As a response to those critics who are caught up in the “Best Ever” Mayweather PC, social media storm defining the “sweet science” in track and field event terms, Lomachenko is a master at cutting off the ring. The next time you see him in action pay close attention to his footwork, it’s the key to what allows the Ukrainian star to remain simultaneously out of harm’s way but still in the perfect position to strike.
Holding the pin point punching accuracy of a Joe Louis, the chest blasting, midsection solar plexus punching, oil drilling fashioned left hook to the liver, punishing body attack of Alexis Arguello, Lomachenko’s body work is second to none today.
Putting together all the precision foot work, calculated feinting, speed and power together with an inexhaustible work rate and superior skill set, Lomachenko adding new and innovated flairs to his solid classic style, “Hi Tech” a southpaw version of Willie Pep.
As he continues to modernize some classic skills Lomachenko hasn’t stepped too far from some of the old-time greats. While showcasing the inside chicanery of a Henry Armstrong he quickly can adjust and emulating a more current day “Hitman” Ricky Hatton when appearing to engage in mutual grappling the Ukrainian technician cleverly uses it like a wrestling feint initiating counterfeit clinches setting up his initial punching range or to open the way to a quick step or angle widening the options of his fully loaded punishing tool set.

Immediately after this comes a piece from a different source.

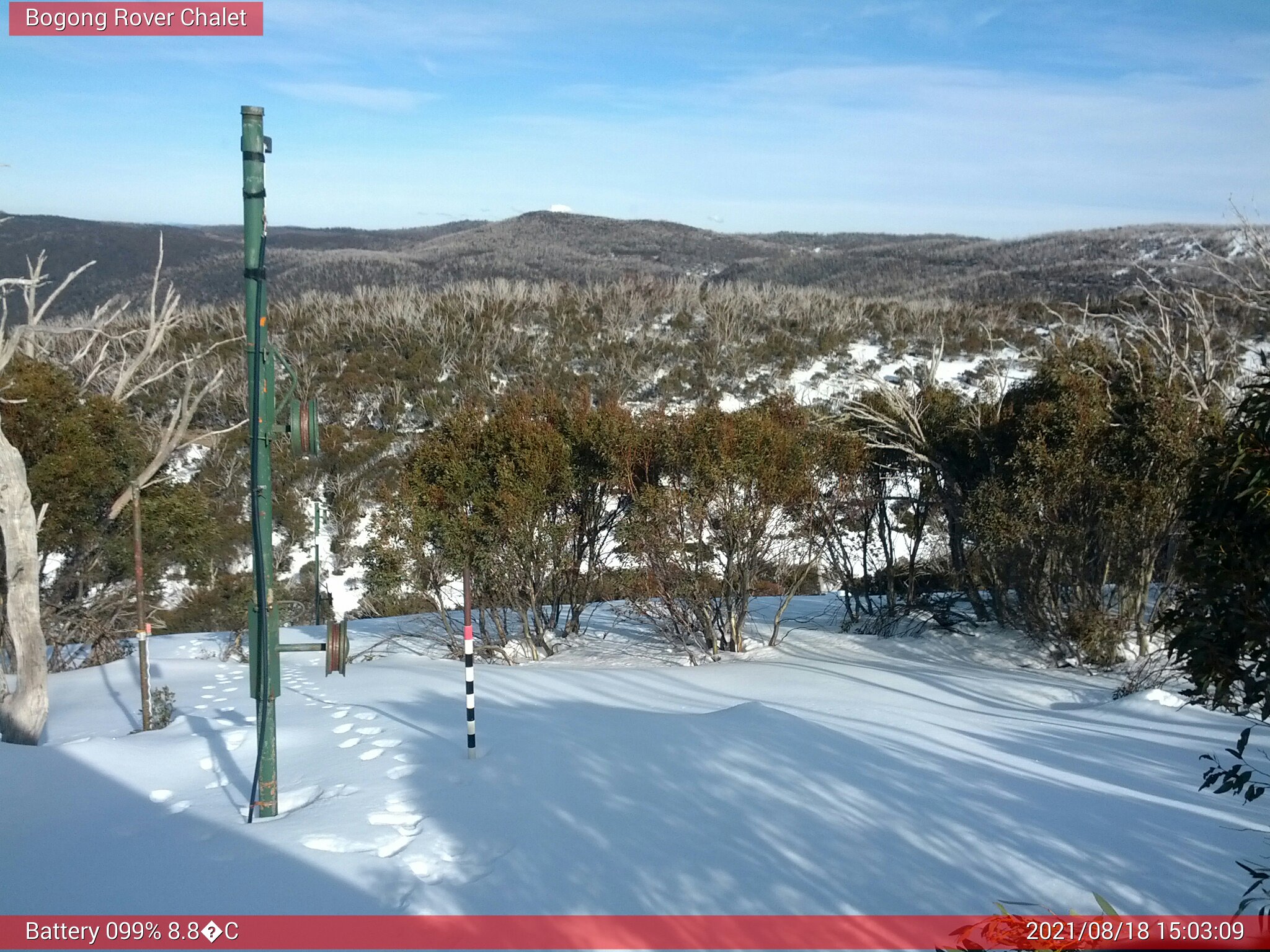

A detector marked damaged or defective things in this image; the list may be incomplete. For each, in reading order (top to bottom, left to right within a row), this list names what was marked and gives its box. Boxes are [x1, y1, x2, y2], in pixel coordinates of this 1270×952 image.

Maybe it’s an undiagnosed dissociative identity disorder, or whatever you want to call it, it a treat to see Lomachenko the childhood dancer / hockey player morph into Lomanchenko the boxer and alternate between Loma the “Hi Tech” General to Loma the “Violent Barbarian”.

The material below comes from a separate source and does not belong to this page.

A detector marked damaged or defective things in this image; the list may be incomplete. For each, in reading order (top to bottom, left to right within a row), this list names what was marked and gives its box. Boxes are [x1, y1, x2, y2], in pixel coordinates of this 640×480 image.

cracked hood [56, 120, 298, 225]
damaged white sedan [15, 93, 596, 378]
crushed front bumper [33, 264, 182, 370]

As there is no question his lengthy amateur experience has helped paint this masterpiece, you can’t overlook the intangibles. When you witness the volatile combination of desire, heart, aggressiveness, smarts, superior athleticism, a virtuous work ethic mixed together with all the skill you can’t help but realize that’s what makes Lomachenko the complete package.
When considering Lomachenko, as “the whole package” and his loss to Salido you must give that fight an open-minded evaluation. Especially when you take into consideration that the great Alexis Arguello lost his fourth and fifth fights, the “Filipino Flash” Nonito Donaire lost his second pro bout, “The Matador” Ricardo Mayorga, Juan Manuel Marquez, and “The Executioner” Bernard Hopkins all lost their first pro bouts and one of boxing’s top ten, best-ever, Henry Armstrong losing 3 of first four was stopped in his pro debut, it’s easy to see the Salido fight as an anomaly or “the exception that proves the rule.”

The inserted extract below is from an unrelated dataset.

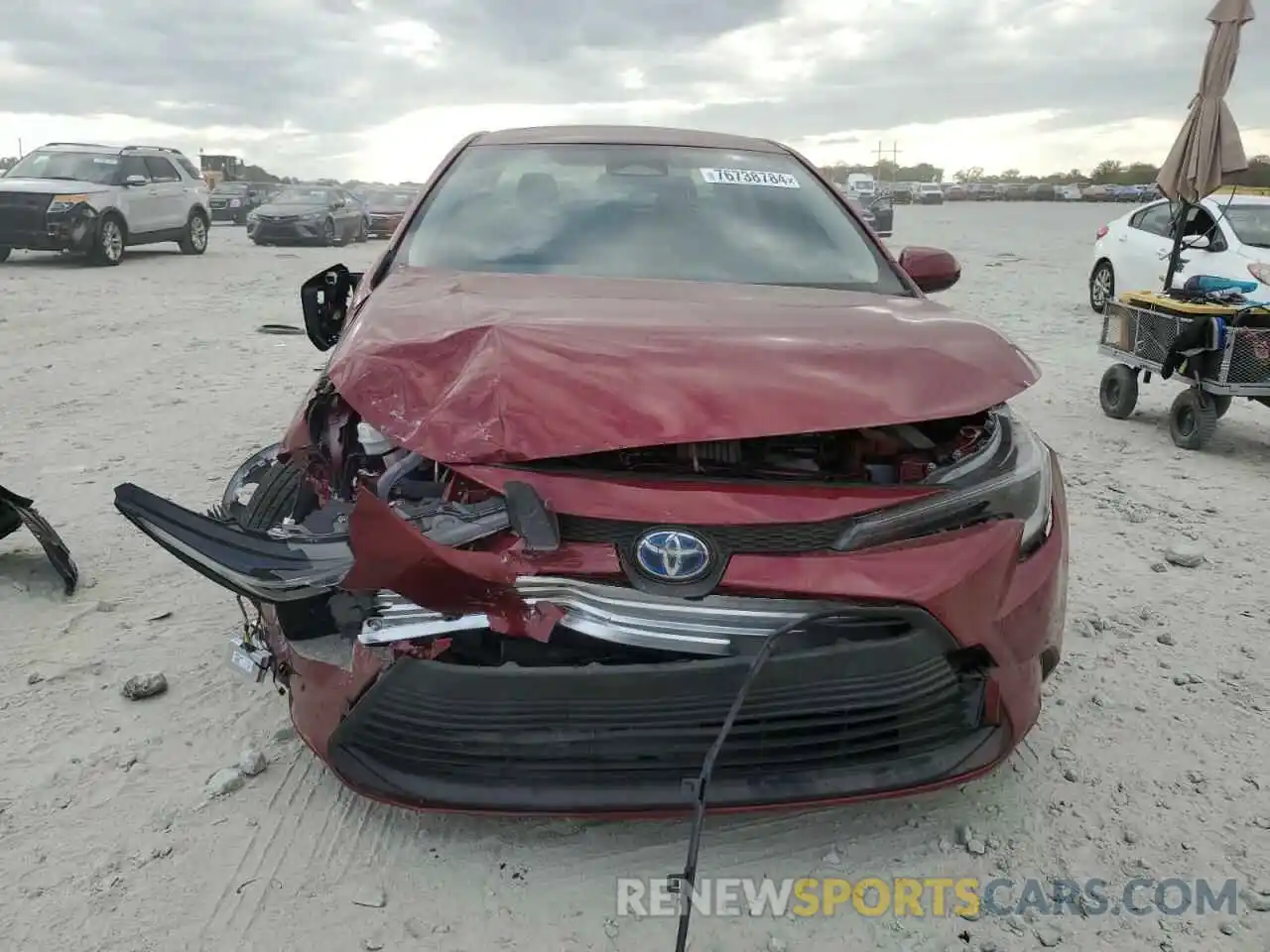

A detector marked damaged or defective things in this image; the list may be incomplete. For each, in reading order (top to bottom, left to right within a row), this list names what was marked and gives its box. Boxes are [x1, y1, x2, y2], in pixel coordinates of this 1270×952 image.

crumpled hood [321, 268, 1040, 464]
damaged red toyota corolla [114, 123, 1064, 813]
broken headlight [833, 409, 1048, 559]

So now you that you have my pick for today’s best example of the “sweet science” when you add in the second most mentioned name on “sweet science” enthusiast lips and everyone-else’s mind the fight everyone wants is a “Hi Tech” match against unbeaten Cuban boxing star Guillermo “El Chacal” Rigondeaux.
The slick fighting southpaw Rigondeaux, another fighter commonly named fighter in “sweet science” conversations comes with an impressive amateur career of his own. Winning Gold at the 2000 and 2004 Olympics compiling a record of 463-12 in the amateur ranks the 36-year-old, much avoided defensive virtuoso, holding pro victories over Roberto Marroquin, Nonito Donaire, Joseph Agbeko and Hisashi Amagasa makes a “Hi Tech” vs “The Jackal” a potential all hands-on deck “Sweet Science” match-up.